The cognitive dissonance is simply mind boggling. Today, Ahvaz Iran has reached an almost unheard of temperature of 129. It’s one of the hottest temperatures ever recorded on the planet.
Another weather source, the Weather Underground, said Ahvaz hit 129.2 degrees Thursday afternoon. The heat index, which also takes humidity into account, hit an incredible 142 degrees.
Fortunately, the weather forecast for Ahvaz on Friday is for “cooler” weather, with a high of only 119 degrees, according to AccuWeather.
The official all-time world record temperature remains the 134-degree temperature measured at Death Valley, Calif, on July 10, 1913. However, some experts say that temperature isn’t reliable. Weather Underground weather historian Christopher Burt said in 2016 that such an extreme temperature was “not possible from a meteorological perspective.”
Scorching heat is one of the most expected outcomes of man-made climate change, according to a 2016 report from the National Academy of Sciences and a 2015 study in Nature Climate Change.
The prestigious magazine Science published a study estimating the economic cost of climate change to the US economy. It’s not pretty. You can read the fully study at the link. This is its Abstract.
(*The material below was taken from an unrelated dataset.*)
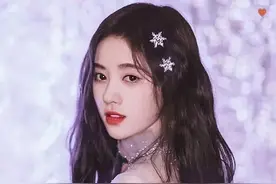 当女明星也不容易，假指甲假头发只是常规操作，“假皮肤”才够狠图片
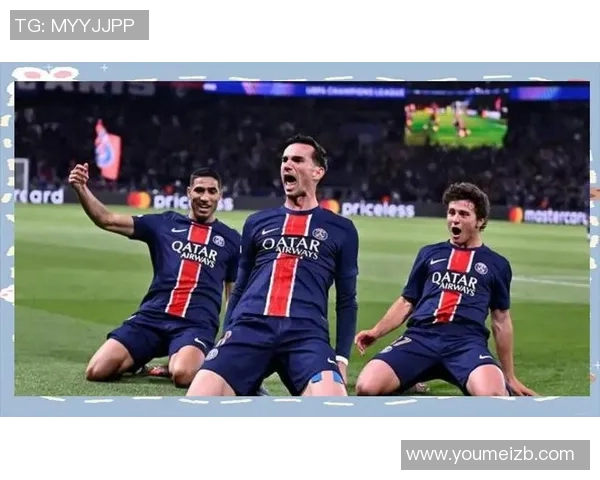 拜仁慕尼黑与巴黎圣日耳曼巅峰对决谁能笑到最后 拜仁慕尼黑与巴黎圣日耳曼巅峰对决谁能笑到最后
Estimates of climate change damage are central to the design of climate policies. Here, we develop a flexible architecture for computing damages that integrates climate science, econometric analyses, and process models. We use this approach to construct spatially explicit, probabilistic, and empirically derived estimates of economic damage in the United States from climate change. The combined value of market and nonmarket damage across analyzed sectors—agriculture, crime, coastal storms, energy, human mortality, and labor—increases quadratically in global mean temperature, costing roughly 1.2% of gross domestic product per +1°C on average. Importantly, risk is distributed unequally across locations, generating a large transfer of value northward and westward that increases economic inequality. By the late 21st century, the poorest third of counties are projected to experience damages between 2 and 20% of county income (90% chance) under business-as-usual emissions (Representative Concentration Pathway 8.5).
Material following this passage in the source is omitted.